China Bans AMD and Intel Overview

Chinese Government’s Technology Restrictions

The move comes from the Chinese government’s efforts to restrict foreign technology from its federal computers. This includes operating systems like Microsoft’s Windows and other database software produced overseas. Moreover, Beijing’s push for technological independence, termed xinchuang or “IT application innovation,” is a key component of China’s strategy across military, governmental, and state sectors. State-owned enterprises are mandated to transition to domestic technology providers by 2027, as directed by the State-owned Assets Supervision and Administration Commission. Quarterly progress reports on IT system revamps have been initiated, although certain foreign technologies may still be permitted for use.
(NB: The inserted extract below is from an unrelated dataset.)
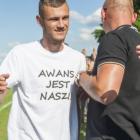 zdjęcie nr 44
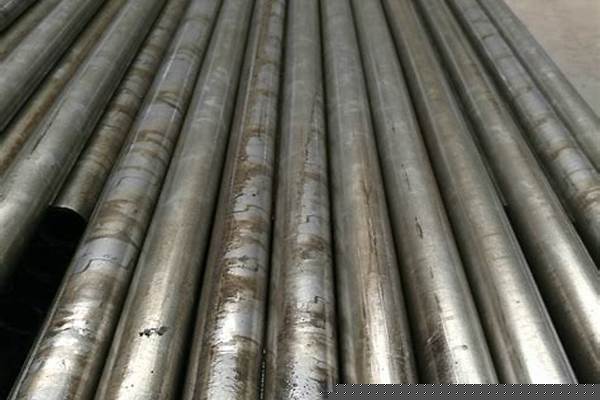 大口徑冷軋無縫鋼管/a_大口徑熱軋無縫鋼管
China brings news regulations

Currently, China has approved eighteen chips for use, all of which are from domestic companies. Among these approved entities are Huawei and state-backed Phytium, both of which are listed on the U.S. trade embargo.

Impact on U.S. Semiconductor Industry

Amidst the ongoing competition with China, the United States government is advancing its investments in chipmaking, with American semiconductor firms reaping the benefits. In parallel, Intel is among the recipients of funds from the CHIPS and Science Act, a $52.7 billion initiative aimed at bolstering domestic chip production. 

Intel cpu

Domestic Alternatives

The Chinese industry ministry, in late December, released a statement outlining three separate lists of CPUs, operating systems, and centralized databases deemed “safe and reliable” for a three-year period, all sourced from Chinese companies.

Market Response in the US

Initially, Intel’s stock dropped by about 3% when markets opened on Monday, with AMD also experiencing a 1% decline. However, by mid-morning, Intel managed to recover slightly, trading down only 2%, while AMD remained unchanged.

China bans AMD and Intel Conclusion

Although this move as understood only applies to government-related computers, this regulation could play an intensifying role in the China-US geopolitical landscape.